This Is Not My Beautiful House 2

I suspected, long before the electors of the Electoral College failed to exercise their constitutional right to spare We the People from our own ignorance and myopia, Donald J. Drumpf would be a Presidential disaster of historic proportions.

Back in January, even as the pomp and circumstance of our federal government’s longstanding ode to the peaceful transfer of power played out to a thin(ish) crowd in the nation’s capitol, I felt confident the Grifter-in-Chief would soon enough be exposed for his amorality and utter lack of fitness to fulfill the requisites of office.

I was content (enough) to stock up on popcorn and cannabis oil and watch the episodic implosion of the worst character nearly a quarter millennium had ever cast to play the role.

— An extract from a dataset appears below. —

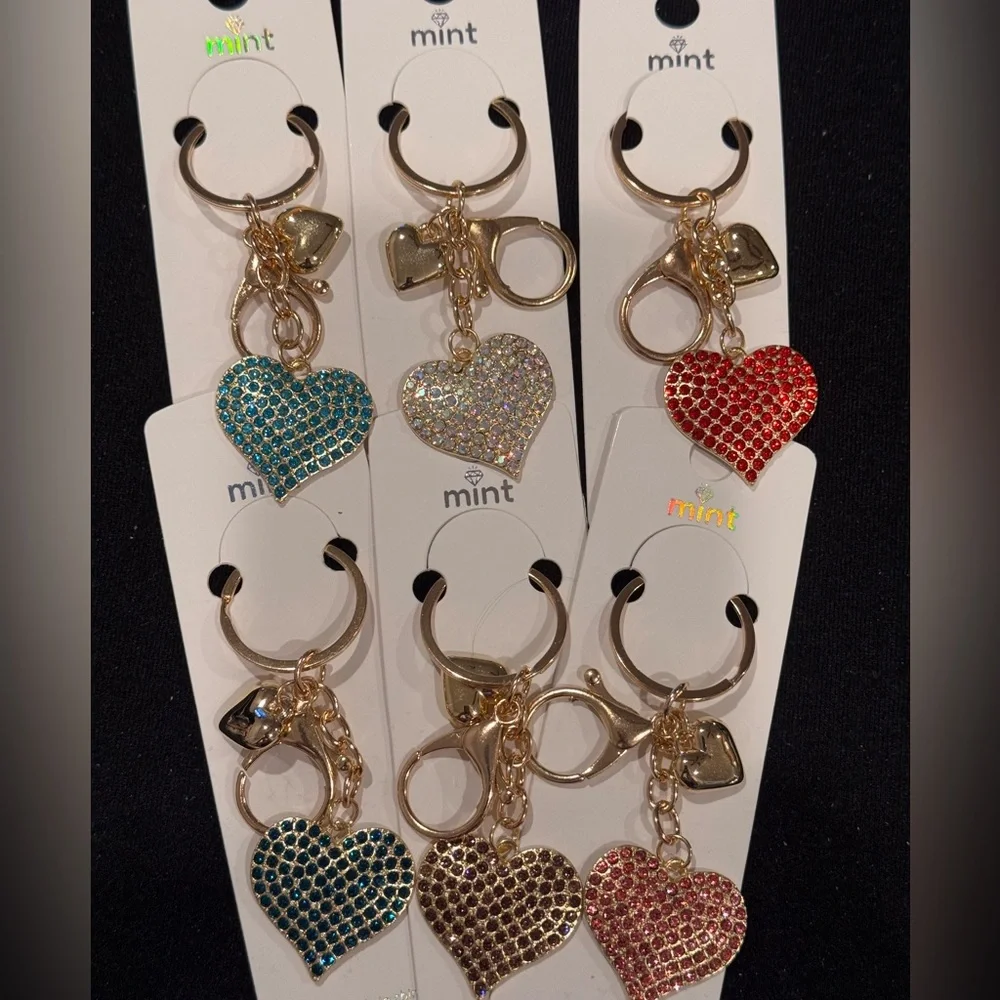 BAG CHARM Gold and Green Crystal Heart Keychain 3.5 inch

I ignored the subtitle of this very blog: Silence is not an option.

No more.

Have we reached a turning point?

Are we witnessing now, finally, the pivot at which our Founding Fathers’ vaunted prescience might enable the institutions of our fabled Republic to ensure the United States of America may remain the Land of the Free and the Home of the Brave?

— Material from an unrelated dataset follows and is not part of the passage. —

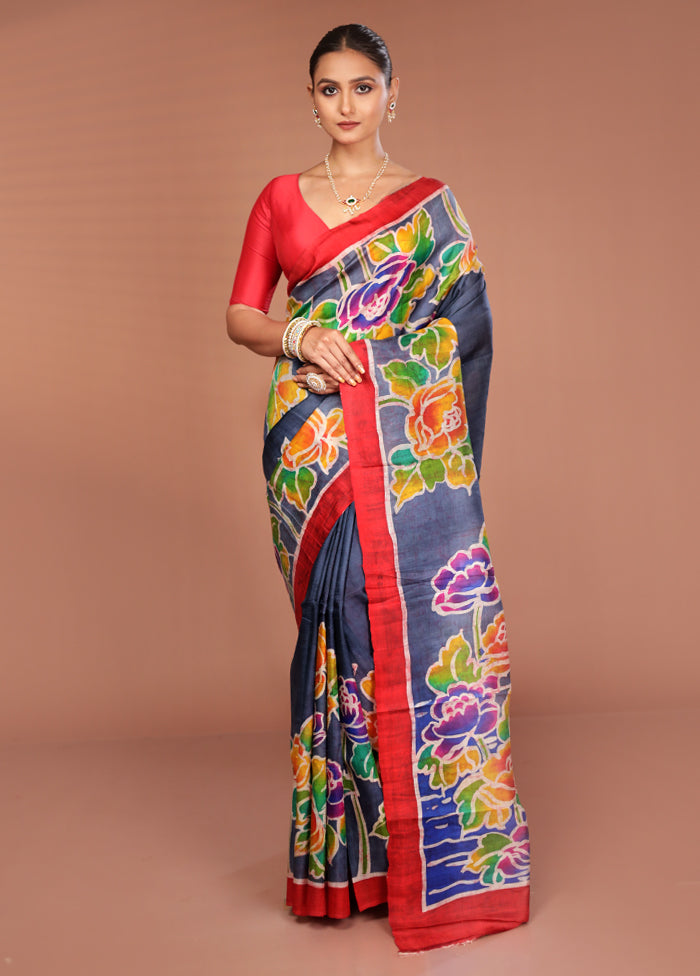 Multicolor Printed Pure Silk Saree Without Blouse Piece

It has been said Hope Springs Eternal.

I recently got into a respectful dialogue with a friend who happens to have voted for the current occupant, who takes the position that the violence we are witnessing in America today is equally blamed on extremists at either end of the ideological divide, and who, like me, would prefer cooler heads prevail in this fraught moment.

We both averred our fear for the world our children will inherit, yet neither of us seemed willing to loosen our grip on the worldview that informs our perspective.

Thus, the table seems set for Civil War.

It’s an oxymoron, of course. There has never been a civil war. Innocents, otherwise known as collateral damage, always die. Nothing is ever, truly, resolved. Anger and hatred and revenge impulses are, for a time, stuffed – until a blowoff opportunity presents itself.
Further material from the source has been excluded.